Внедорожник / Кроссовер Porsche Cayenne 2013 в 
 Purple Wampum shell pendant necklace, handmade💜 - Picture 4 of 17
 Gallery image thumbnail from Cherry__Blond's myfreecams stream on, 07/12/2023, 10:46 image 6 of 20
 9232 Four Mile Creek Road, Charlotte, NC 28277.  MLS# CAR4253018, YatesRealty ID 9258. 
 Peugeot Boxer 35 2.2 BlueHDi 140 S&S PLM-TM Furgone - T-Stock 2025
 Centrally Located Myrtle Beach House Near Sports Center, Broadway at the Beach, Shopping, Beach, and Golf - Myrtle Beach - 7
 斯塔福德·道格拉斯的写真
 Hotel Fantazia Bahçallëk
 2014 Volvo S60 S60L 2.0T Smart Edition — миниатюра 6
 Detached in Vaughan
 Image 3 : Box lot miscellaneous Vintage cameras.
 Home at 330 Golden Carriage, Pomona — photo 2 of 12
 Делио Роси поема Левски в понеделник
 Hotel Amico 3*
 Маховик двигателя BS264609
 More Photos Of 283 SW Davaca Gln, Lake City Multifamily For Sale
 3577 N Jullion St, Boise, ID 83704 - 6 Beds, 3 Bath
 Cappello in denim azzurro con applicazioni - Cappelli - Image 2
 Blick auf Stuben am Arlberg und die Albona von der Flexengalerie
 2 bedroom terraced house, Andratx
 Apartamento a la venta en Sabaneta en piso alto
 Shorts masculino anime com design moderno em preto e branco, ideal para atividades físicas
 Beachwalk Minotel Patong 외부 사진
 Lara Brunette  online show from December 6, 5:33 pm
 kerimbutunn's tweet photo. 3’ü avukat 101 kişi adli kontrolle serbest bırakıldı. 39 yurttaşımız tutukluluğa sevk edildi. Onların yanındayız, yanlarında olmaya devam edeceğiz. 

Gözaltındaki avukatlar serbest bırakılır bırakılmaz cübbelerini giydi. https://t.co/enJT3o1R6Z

───

**REQUIRED ACTION**: Count, in the records above, the lines that contain the word "Hotel"; the answer is that number alone.

**RESPONSE BELOW**: 2